The man spent an hour with the pastor, and then Zannin drove him home.
When Zannin himself got home, he thought about what had happened. “What did I just get in front of?” he wondered to himself.
Of course the truth is he doesn’t know. But it's a near certainty that this young man’s life was better off because Zannin noticed him, reached out, and helped.
* * *
The hands-on Defensor training, then, is to help security teams prepare for the least likely – but worst – of scenarios. DiTullio, Felano and Patrick Canna, Defensor’s president and also a police officer in Depew, create a variety of scenarios that force their trainees to make fast decisions, both individually and as a team.
Mistakes are plenty – and encouraged, because the more they are made in training, where the bullets are fake and the bad guys are actually volunteers wearing masks, the less likely they are to happen in reality.
In one scenario, an armed assailant pushed through a church basement and started ascending the stairs.
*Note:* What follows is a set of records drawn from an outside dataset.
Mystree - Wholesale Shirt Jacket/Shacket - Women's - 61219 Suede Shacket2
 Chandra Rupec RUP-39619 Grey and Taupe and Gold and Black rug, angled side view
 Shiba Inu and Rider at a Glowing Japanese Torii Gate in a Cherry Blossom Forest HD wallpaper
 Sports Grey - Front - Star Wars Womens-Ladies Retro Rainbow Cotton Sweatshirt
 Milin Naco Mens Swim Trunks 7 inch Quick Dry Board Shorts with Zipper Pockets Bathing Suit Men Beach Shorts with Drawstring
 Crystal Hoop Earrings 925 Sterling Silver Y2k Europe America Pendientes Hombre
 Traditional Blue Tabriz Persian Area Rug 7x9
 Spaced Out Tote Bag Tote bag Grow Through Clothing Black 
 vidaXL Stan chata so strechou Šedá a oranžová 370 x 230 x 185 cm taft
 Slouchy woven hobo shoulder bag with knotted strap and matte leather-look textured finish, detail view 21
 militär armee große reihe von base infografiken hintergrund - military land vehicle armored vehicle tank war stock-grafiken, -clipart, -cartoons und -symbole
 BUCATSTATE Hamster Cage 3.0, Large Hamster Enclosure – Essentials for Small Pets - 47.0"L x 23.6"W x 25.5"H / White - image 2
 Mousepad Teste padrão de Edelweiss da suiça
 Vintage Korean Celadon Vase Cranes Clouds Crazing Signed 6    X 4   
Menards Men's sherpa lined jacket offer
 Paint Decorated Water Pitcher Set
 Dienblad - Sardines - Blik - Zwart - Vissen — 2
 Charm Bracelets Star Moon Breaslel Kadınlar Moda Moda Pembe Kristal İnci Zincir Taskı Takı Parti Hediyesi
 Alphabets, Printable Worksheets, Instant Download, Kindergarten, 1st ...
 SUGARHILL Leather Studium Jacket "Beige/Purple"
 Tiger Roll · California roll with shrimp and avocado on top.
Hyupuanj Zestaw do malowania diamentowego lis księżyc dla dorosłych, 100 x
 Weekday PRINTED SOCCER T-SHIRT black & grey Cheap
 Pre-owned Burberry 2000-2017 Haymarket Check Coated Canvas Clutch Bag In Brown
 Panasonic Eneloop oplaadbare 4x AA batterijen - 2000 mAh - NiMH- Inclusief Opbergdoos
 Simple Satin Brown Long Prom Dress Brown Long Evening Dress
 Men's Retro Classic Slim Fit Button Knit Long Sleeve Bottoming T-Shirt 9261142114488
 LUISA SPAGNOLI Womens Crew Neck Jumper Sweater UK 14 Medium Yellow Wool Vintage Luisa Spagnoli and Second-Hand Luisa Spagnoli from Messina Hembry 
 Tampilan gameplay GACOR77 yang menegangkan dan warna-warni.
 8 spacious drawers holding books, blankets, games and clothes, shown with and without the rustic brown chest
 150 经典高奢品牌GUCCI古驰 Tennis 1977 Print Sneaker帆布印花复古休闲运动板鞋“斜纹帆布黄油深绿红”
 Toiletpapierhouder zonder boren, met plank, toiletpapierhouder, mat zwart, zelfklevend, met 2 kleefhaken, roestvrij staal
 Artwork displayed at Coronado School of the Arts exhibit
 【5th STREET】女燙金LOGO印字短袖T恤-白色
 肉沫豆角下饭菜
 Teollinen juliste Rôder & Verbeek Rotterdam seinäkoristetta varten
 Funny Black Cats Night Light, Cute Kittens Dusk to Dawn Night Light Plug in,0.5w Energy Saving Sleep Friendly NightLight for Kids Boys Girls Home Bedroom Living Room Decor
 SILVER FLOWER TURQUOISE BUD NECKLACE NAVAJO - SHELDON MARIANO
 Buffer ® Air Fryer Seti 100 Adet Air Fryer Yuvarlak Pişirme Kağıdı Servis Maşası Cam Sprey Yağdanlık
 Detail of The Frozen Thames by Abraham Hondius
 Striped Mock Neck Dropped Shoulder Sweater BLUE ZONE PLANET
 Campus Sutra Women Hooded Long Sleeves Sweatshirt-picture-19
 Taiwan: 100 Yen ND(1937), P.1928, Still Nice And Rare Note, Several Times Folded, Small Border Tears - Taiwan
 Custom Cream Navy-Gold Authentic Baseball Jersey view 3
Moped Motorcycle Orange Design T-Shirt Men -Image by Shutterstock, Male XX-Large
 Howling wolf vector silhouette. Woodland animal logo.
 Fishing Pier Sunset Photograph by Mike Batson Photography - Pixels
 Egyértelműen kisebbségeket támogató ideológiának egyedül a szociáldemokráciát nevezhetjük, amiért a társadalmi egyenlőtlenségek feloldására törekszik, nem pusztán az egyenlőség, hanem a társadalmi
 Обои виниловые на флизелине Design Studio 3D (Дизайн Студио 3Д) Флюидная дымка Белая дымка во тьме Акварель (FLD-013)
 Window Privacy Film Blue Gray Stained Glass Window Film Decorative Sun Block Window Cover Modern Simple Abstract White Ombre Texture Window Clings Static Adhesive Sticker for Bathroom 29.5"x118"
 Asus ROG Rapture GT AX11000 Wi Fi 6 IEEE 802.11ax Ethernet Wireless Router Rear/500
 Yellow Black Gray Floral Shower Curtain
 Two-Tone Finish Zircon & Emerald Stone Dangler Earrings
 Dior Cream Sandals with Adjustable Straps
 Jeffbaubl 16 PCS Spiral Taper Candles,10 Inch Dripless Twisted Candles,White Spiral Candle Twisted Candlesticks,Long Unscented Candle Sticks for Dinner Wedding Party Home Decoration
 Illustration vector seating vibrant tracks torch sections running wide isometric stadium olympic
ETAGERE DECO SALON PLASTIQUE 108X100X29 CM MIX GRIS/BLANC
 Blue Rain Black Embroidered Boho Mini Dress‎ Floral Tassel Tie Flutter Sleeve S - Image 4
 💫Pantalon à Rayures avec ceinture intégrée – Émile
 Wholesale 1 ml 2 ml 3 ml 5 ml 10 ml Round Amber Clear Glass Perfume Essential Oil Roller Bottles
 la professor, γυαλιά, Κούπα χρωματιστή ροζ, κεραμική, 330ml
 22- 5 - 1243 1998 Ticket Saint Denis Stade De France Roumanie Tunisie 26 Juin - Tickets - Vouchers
A bystander ran into the lobby to alert security team members, who confronted him on the stairway – and shot him eight times. That, they were told, was a mistake – shooting overzealously when an assailant is already down can potentially lead to legal problems.
In another scenario, which was played out at multiple churches, an estranged husband with a gun in hand argued with his wife in the nursery as she clutched their baby. The ideal outcome: Take him down without pulling a trigger.
A particularly tricky challenge happened when Canna set up a scenario in which a gunman was hiding. It went like this: The church security team, along with several other people, were sitting in the sanctuary, as if a service was happening. Suddenly, they heard a gunshot, which seemed to come from the lobby. Two team members ran out, one about 15 feet behind the other, both with firearms brandished. The gunman was nowhere to be seen.
The first man into the lobby ran by a closed door and down the stairs. The second followed him. The third person into the lobby noticed a man on the ground, simulating bleeding. This was Steven U. Padin, a firearms instructor at the Erie County Law Enforcement Training Academy and a church security consultant who often works with Defensor. Padin, playing the role of an innocent, injured bystander, was pointing to the closed door. At the same time, another shot rang out.
It seemed to be coming from behind that door.
With the first two security members already downstairs and out of sight, the third member burst through the door. The gunman, who was crouched behind a round table just inside the doorway, rose to fire. The security team member shot him first.
The gunman fell to the floor, legs splayed.
Canna gathered the trainees as soon as the scenario ended. He has a policeman’s bark, and used it when he told them, “You guys did not work as a team at all. Everybody just got focused on the shots and went on their own path.”
The team members should have been talking to each other, he said, and not acting individually. The first two guys should not have gone off, he said, and to the man who took down the gunman, he noted, “He could have gotten a shot off on you. If you guys worked as a team, you wouldn’t have been put in that situation.”
Padin, back on his feet and no longer simulating a victim, added, “You still had time where you could have called for reinforcements. ‘Guys, guys, up here, up here!’ ”
It was a tough but necessary lesson.
“A lot of their survivability,” Canna said later, “is based on communication.”
* * *
Zannin, at Cornerstone, has a simple vision for the result this training should yield. “We want to stand here in 10, 20 years, and nothing has ever happened,” he said. “But to stand there and go, ‘How many things did we get in front of, just by doing the job right?’ ”
From the pulpit at Grace Church, Longwell still struggles with the thought – unlikely as it is of ever playing out – of having to hurt someone.
“I am conflicted,” he said. “Because I have devoted my life to saving people. Helping them ... I have made a commitment with my life. But here’s what wins at the end of the day for me: Because I love people, I will fight evil. Maybe that’s a harsh way of saying it.”
Or maybe it’s a true way of addressing a rare but harsh prospect: A shepherd protects.